Two recent studies on the outsourcing industry, released just this month, show how dire the full range of consequences can be, and the need to ensure privatization projects receive appropriate accountability and oversight.
First comes a study from Rutgers University, authored by Janice Fine, Patrice Mareschal, David Hersh and Kirk Leach. The Fine study analyzes how a lack of oversight in New Jersey contracts places residents and public assets at risk. The report provides case studies that illustrate just how poor oversight in New Jersey has resulted in out of control contracting.
For example, following Hurricane Sandy, New Jersey was put under a state of emergency that relaxed outsourcing rules for the recovery efforts.
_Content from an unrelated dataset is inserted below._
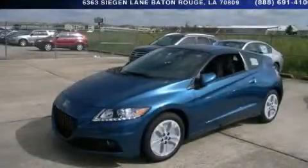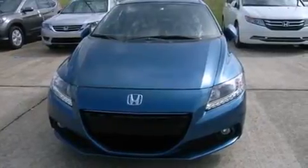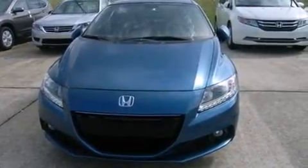This is a brand new 2014 Honda CR-Z. It features a 1.5-liter four-cylinder engine and an automatic transmission.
Certainly, these types of emergencies call for moving quickly, but the Fine study shows that errors in Sandy recovery were the product of broader oversight shortcomings.
New Jersey's contracting office lacked the basic capacity to oversee Sandy recovery projects and outsourced the oversight (in addition to outsourcing the actual construction) to multiple companies. The largest contract (three years, $67.5 million) went to a company called Hammerman & Gainer (HGI). Analysis conducted by the Fair Share Housing Center later found that 79 percent of residents who appealed grant denials for housing recovery were successful, which raises the question of how well HGI and the other contractors did their job. Even more disconcerting, the analysis found troubling racial and ethnic disparities, with African-Americans being rejected for recovery funds at a rate two and a half times that of whites.
The Rutgers Study has several others cases that illustrate how taxpayers lose when proper oversight isn't an integral part of outsourcing, including child protection, services for the disabled and operation of halfway houses. The study also offers several recommendations for governments to ensure the proper level of oversight that helps taxpayers get what they pay for.
When governments consider outsourcing, it is important to count all the ways the public will pay for contracts. A new study from the University of Colorado, authored by Daphne T. Greenwood, reminds us that those costs go beyond the line items of the contract.
Greenwood points out that when outsourcing contracts lower the wages and benefits of workers, the entire community suffers. Workers making less spend less in their own communities. That leads to declines in retail sales and impact in the housing market, a larger share of "at risk" children in lower-income families, and more workers on public assistance which amounts to even greater costs for taxpayers.
All of these social impacts should be considered, along with the basic math of contracts: if a company says it can perform the same service as public service workers, but cheaper taxpayers should be wary. To achieve that goal, corners must be cut to make room for business profit. That means increased fees, reduction in services and reduction in wages and benefits that weaken the regional economy and increase economic inequality.
The Greenwood and Fine reports add to the wealth of empirical, academic data that back up what experts in public management have been saying for years. Governments need to weigh the full cost of contracting, because corporate promises are often too good to be true. And when governments do outsource, it should only be with rigorous accountability and oversight that ensure taxpayer dollars aren't going to waste. The evidence is in, and now it is up to lawmakers to protect their constituents.